On Reading Well: Finding the Good Life Through Great Books — Karen Swallow Prior
A cogent analysis of selected great works of literature and their lessons on virtue, from a Christian perspective

I primarily choose to read nonfiction, but either through my education or my own choices I have read several great works of literary fiction in my life and I have enjoyed most of them immensely. Still, however, I commonly feel self-conscious when talking about the “great books” of literature (as opposed to non-fiction) for two reasons: 1) I feel that I haven’t read enough of them and that fact will become clear, and 2) I feel that in most of the “great books” I have read I need someone well-educated in literature to help me understand it as deeply as it deserves. This is true of my favorites (like A Tale of Two Cities) and the ones I hated but feel like I missed something (sorry, Joseph Conrad, but I still don’t like Heart of Darkness after being assigned to read it twice!). Karen Swallow Prior, in her newly-released book On Reading Well, is here to partially alleviate my literary inferiority complex by attacking both of those sources.
On Reading Well is a book about great books. Each of the twelves chapters is focused around a work of literature that has achieved enormous popularity among both the general public and those educated in these sorts of things. I would give you the full list, but I feel that some amount of surprise is an important factor in enjoying the book. It is important to note, however, that the point of On Reading Well is not just to summarize a list of “great books”, and Prior did not simply choose her favorite works of literature. Instead, the fuel of the book is in uncovering virtue.

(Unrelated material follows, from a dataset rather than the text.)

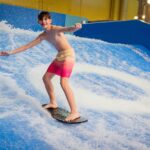 Boy in red shorts rides board on water in a waterpark ride.
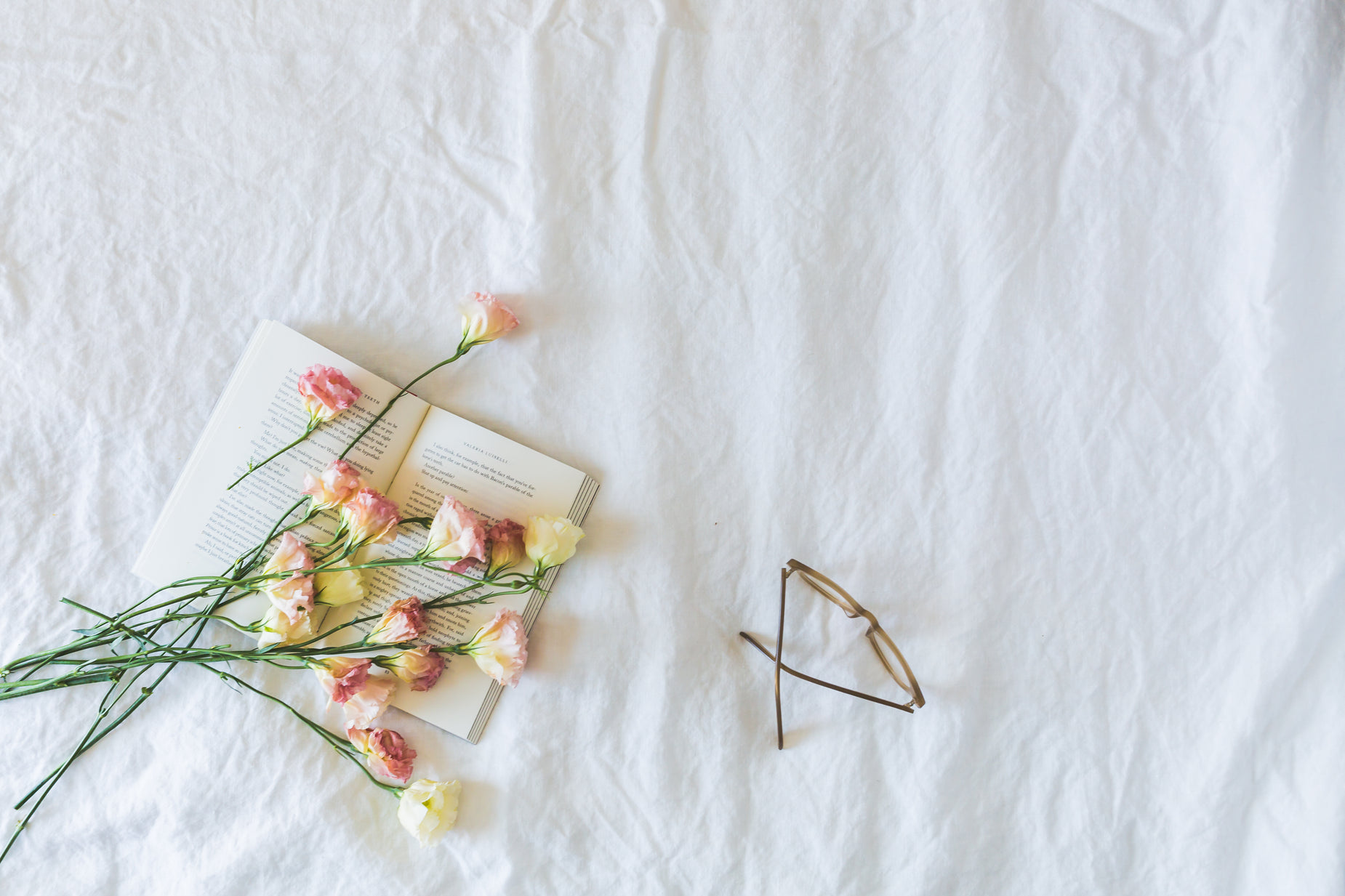 flowers are laying on top of an open book with glasses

Prior chose twelve virtues commonly agreed upon either by classic Western thought, the Bible, or a combination of the two. She then selected a book that explores the meaning of that virtue either by example or non-example. Instead of the chapters only interacting with the selected texts, they delve into the virtues themselves. This means that On Reading Well is useful not only to those like me who have a literary inferiority complex, which I suspect describes a lot of people, but also to a more general audience of those interested in cultivating virtues.
It seemed to me an odd choice, at first, to structure a book about the “great books” around virtues. I wondered if one of the chief reasons to read an old, time-tested book is for its moral reasoning. But it became clear to me, through the arguments the book made for itself and through personal reflection, that cultivating virtue really should be a major motivation for reading literature. It is a useful medium for the task, and it begins to make sense when you see how many of these great books are oriented toward exploring these virtues themselves. One of the hallmarks of “literature”, as opposed to fiction, is that it makes some difference to the world, that it holds some importance within it. How can a story truly be great if it makes no difference to our lives? And how can it make a difference to our lives if it has no moral claim, no example to follow nor sin to avoid?

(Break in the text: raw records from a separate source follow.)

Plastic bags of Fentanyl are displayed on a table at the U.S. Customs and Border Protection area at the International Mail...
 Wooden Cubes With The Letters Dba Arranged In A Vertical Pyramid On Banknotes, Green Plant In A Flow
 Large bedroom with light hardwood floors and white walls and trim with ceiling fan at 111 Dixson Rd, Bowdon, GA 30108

As I mentioned earlier, I have always loved A Tale of Two Cities (to the endless amazement of my friends and colleagues), but in reading it there are always large chunks of the story where I feel like I am missing quite a lot. In uncovering the major theme of justice in the story and diving deep within that theme, On Reading Well prepared me for my next re-reading with new tools to use on Charles Dickens. It also added tremendously to my reading list, which grows almost exponentially at this point. I would love to read The Road (the only 21st-century book on the list), I am already listening to an audiobook of Jane Austen’s Persuasion, and I also added Shusaku Endo’s Silence to both my Goodreads list and my Amazon Prime Instant Video list.
Silence was an inclusion I was especially glad to see not because I knew anything about the book but because it is arguably not a work of Western literature. On Reading Well, like others of its kind I have seen and heard about, is focused on the great books of Western literature specifically. That is why a novel by a Japanese writer about the the persecution of Jesuit missionaries in Japan is breath of fresh air from the broader world. Prior’s book would have been worse off if she would have included more non-Western works, but I would love to see a book of “great books” that includes some from cultures around the world and provide some diversity in both time period and geography.
If you like reading, On Reading Well is for you. It will change the way you look at literature and motivate you to dive into some great books. And your life might be greater for it as well.
On Reading Well releases today, September 4th, and it is available from Amazon and many Christian bookstores.
I received this book as an eARC courtesy of Brazos Press and NetGalley, but my opinions are my own.